In the early years, the band’s music was noted for long instrumental solos, sound effects and odd song titles like Careful With That Axe, Eugene, which featured a loud, long, blood-curdling scream befitting the title, performed by Roger Waters. 

In 1973, the band created one of the best-selling rock albums of all time, The Dark Side of the Moon, featuring their first big hit songs, Time and Money. They followed that with another classic album, Wish You Were Here, which featured lyrics in Shine on You Crazy Diamond, that reflected on Barrett’s mental problems and decline.

Pink Floyd continued to produce other great albums like Animals, The Wall, and A Momentary Lapse of Reason. The band became well-known for their concert performances because of their spectacular light shows and stage effects. Some of Pink Floyd’s concert scenes dating from 1966 to 1994 are captured on the four stamps in the souvenir sheet.

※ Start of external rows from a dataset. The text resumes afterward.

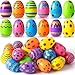 JOYIN Toy 36 PCs Plastic Printed Bright Easter Eggs Over 315 Tall Fillable Empty Eggs Bulks for Easter Hunt Basket Stuffers Fillers Classroom Prize Supplies Filling Treats and Party Favor - Image 4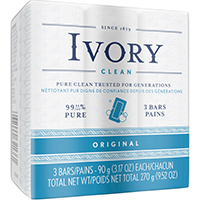 Ivory Bar Soap 3pk Original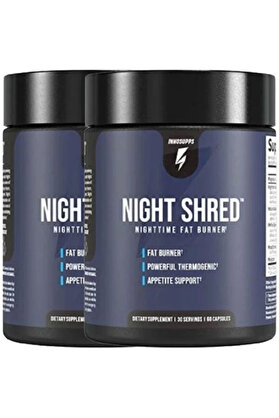 Adoi̇l Innosupps 2Li̇ Adet Ni̇ght Shred Ni̇ghtti̇me Fatburner Gece Istenmeyen Yağlara Parçalayıcı 60 Caps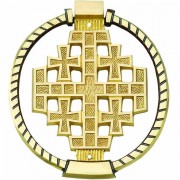 Jerusalem Cross Solid Polished Bronze Door Knocker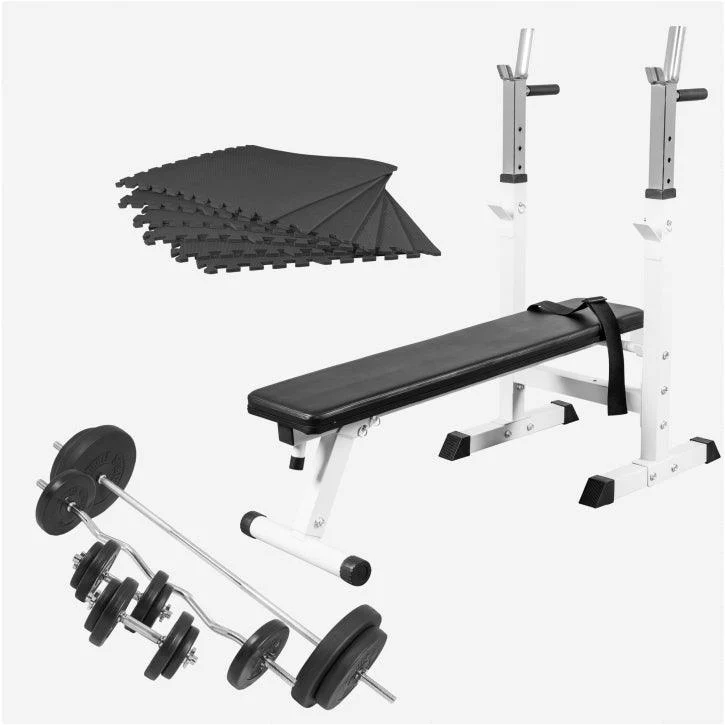 Hantelbank Komplettset 100 kg - Image 7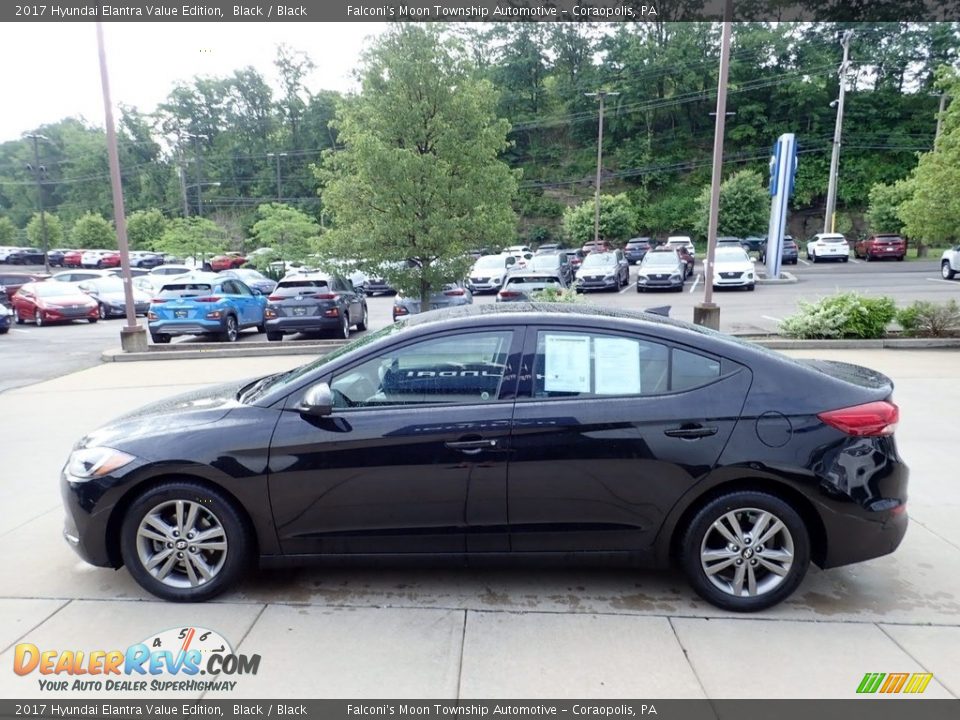2017 Hyundai Elantra Value Edition Black / Black Photo #6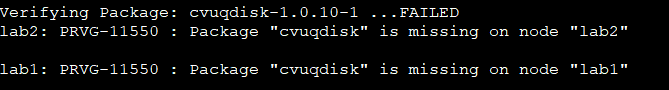Cluvfy Errors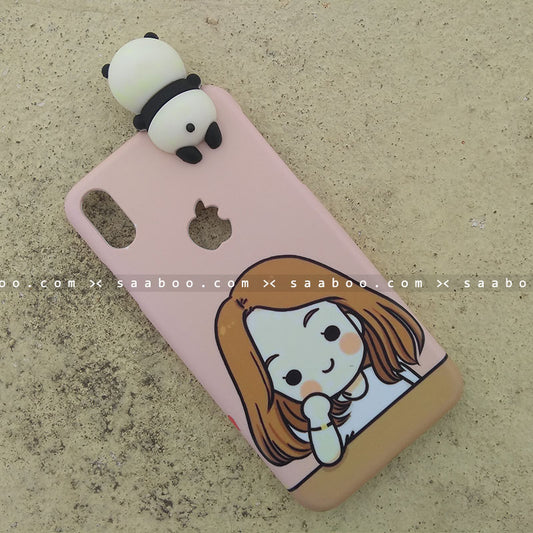 Toy Case - saaboo - Panda Toy and Love Girl Name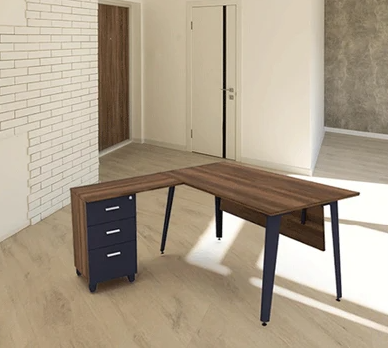 שולחן משרדי m34935 עם שלוחה רוחב 180 ס``מ LEMAS צבע BAROK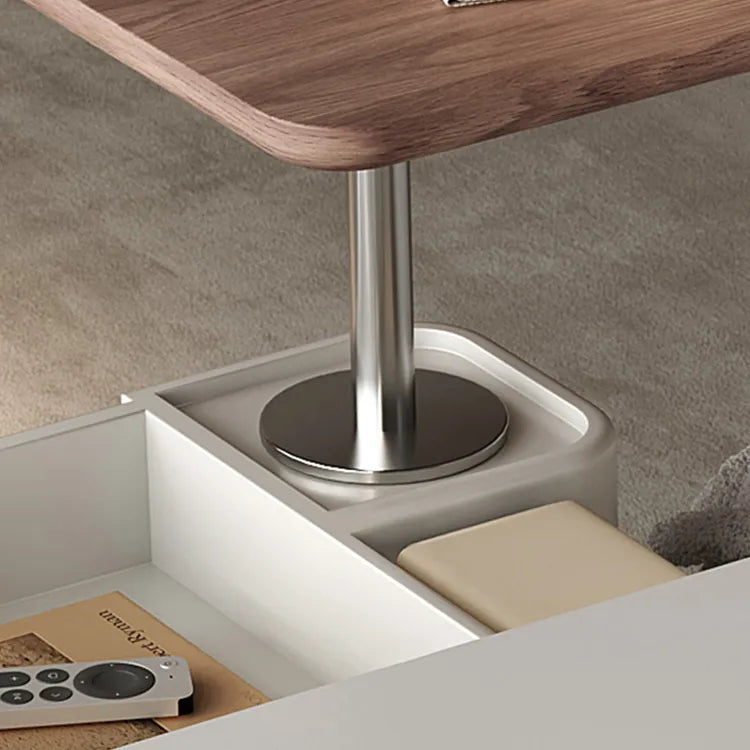 Modern Marble Coffee Table with Smart Storage and Sleek Design hfcjp-4004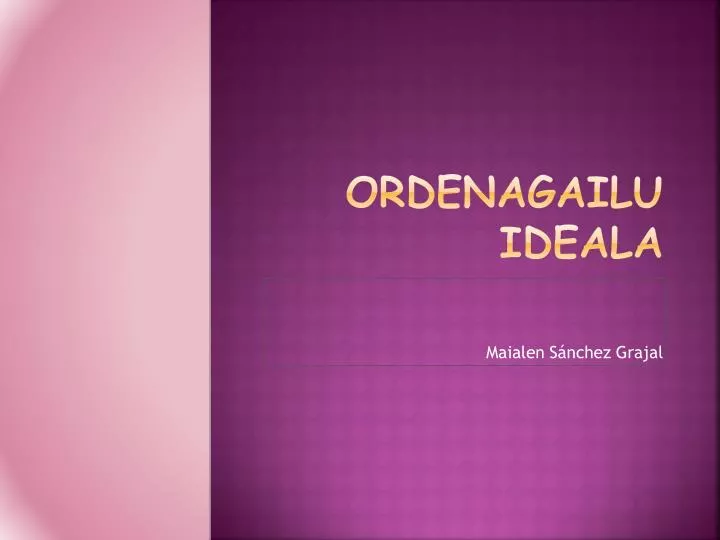 ordenagailu ideala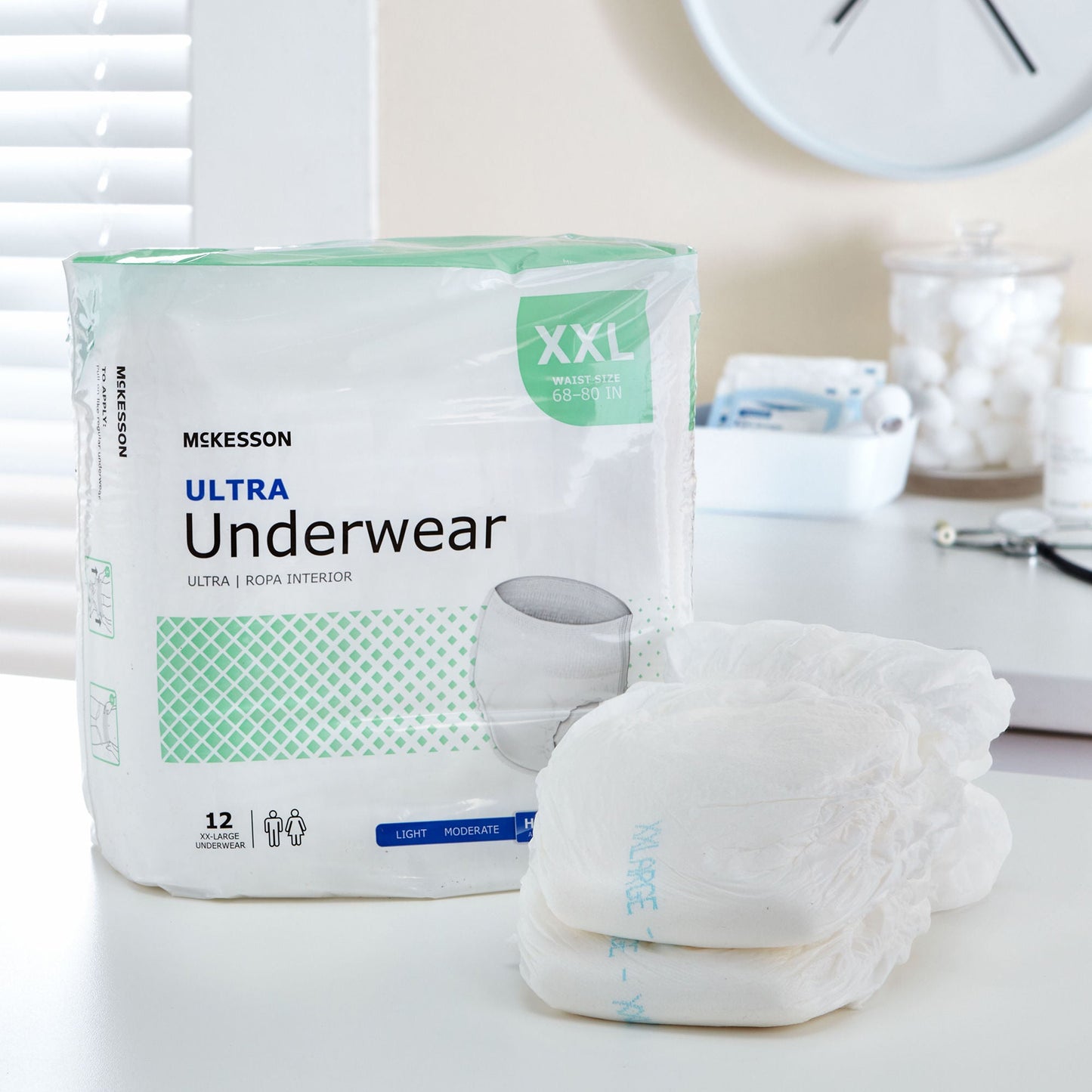 McKesson Ultra Heavy Absorbent Underwear, 2X-Large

At the heart of all of the success of Pink Floyd is superb musicianship. But depicting music on a stamp is not something that is easy to do. For that, you need to hear the music to appreciate David Gilmour’s classic guitar riffs and the careful weaving of music and sound effects.

So instead, the six self-adhesive stamps in the set depict some of Pink Floyd’s album covers, which are about as iconic as the music. Hipgnosis, a graphic design group led by Storm Thorgerson, a school classmate of Barrett and Waters and close friend of Gilmour, created the covers for Atom Heart Mother, The Dark Side of the Moon, Wish You Were Here, and Animals albums, which are depicted in this set. From 1968 to 1982 albums from dozens of other rock stars featured art created by Hipgnosis, so if anything, this set is as much a tribute to the art of Hipgnosis as to the music of Pink Floyd.

For Linn’s Stamp News and the Scott Catalogues, I’m Marty Frankevicz. Enjoy your week in stamps.